Collected data entries

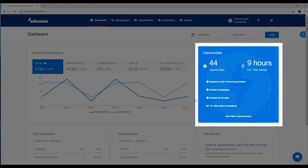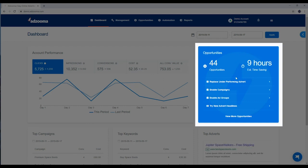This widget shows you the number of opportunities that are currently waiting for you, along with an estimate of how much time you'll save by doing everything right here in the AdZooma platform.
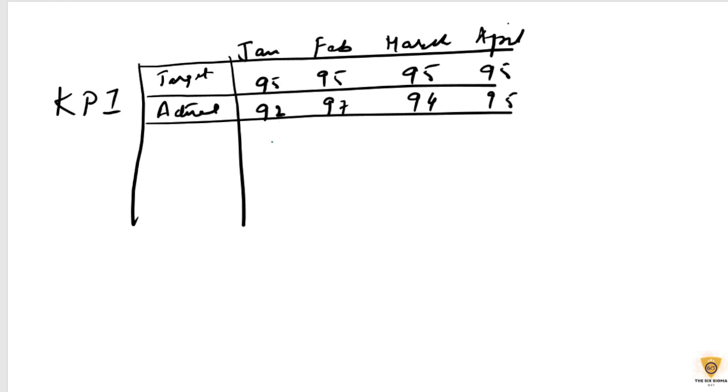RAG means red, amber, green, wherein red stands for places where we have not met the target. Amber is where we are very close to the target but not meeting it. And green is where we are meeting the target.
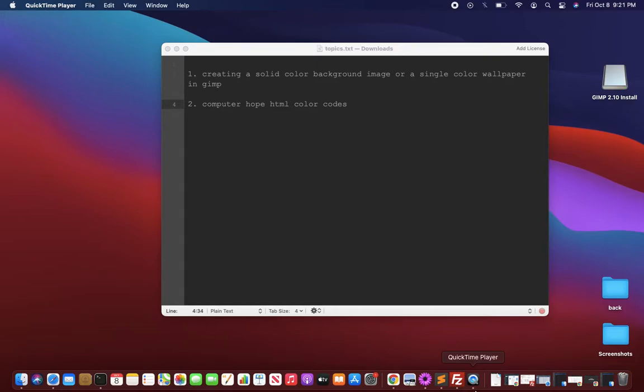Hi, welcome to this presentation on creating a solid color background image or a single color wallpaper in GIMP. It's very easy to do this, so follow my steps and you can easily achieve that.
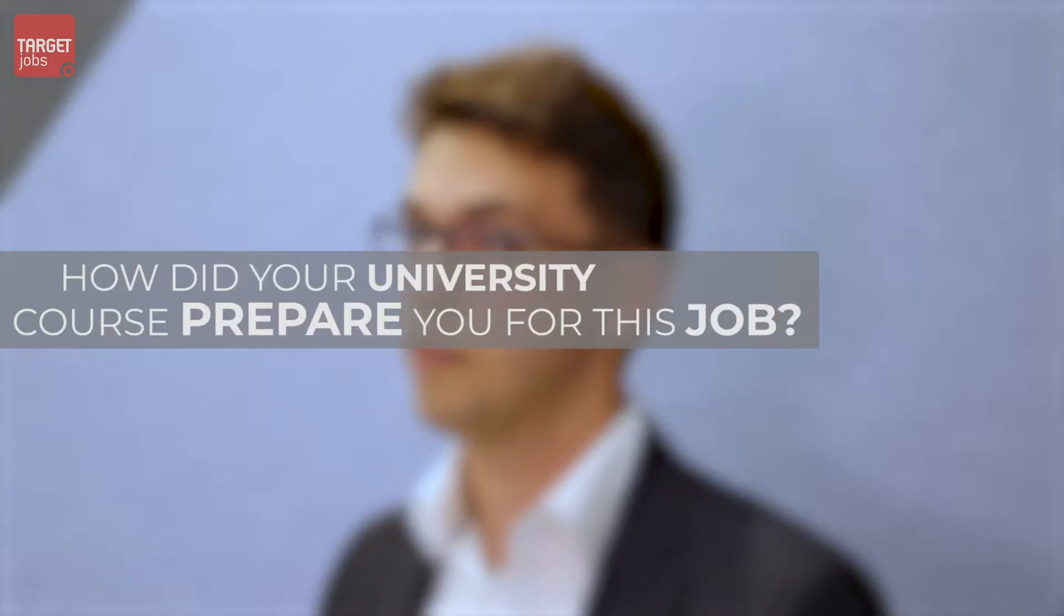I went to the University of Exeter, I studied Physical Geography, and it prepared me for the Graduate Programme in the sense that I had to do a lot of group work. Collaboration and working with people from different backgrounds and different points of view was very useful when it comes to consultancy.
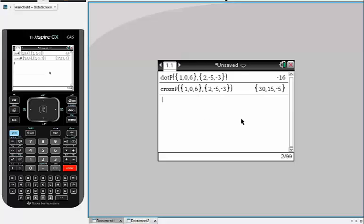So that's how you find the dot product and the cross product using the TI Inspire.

**Exercise description:** Repeat the records word for word. Any picture in them should be left out.

**Answer area:**
This widget shows you the number of opportunities that are currently waiting for you, along with an estimate of how much time you'll save by doing everything right here in the AdZooma platform.
RAG means red, amber, green, wherein red stands for places where we have not met the target. Amber is where we are very close to the target but not meeting it. And green is where we are meeting the target.
Hi, welcome to this presentation on creating a solid color background image or a single color wallpaper in GIMP. It's very easy to do this, so follow my steps and you can easily achieve that.
I went to the University of Exeter, I studied Physical Geography, and it prepared me for the Graduate Programme in the sense that I had to do a lot of group work. Collaboration and working with people from different backgrounds and different points of view was very useful when it comes to consultancy.
So that's how you find the dot product and the cross product using the TI Inspire.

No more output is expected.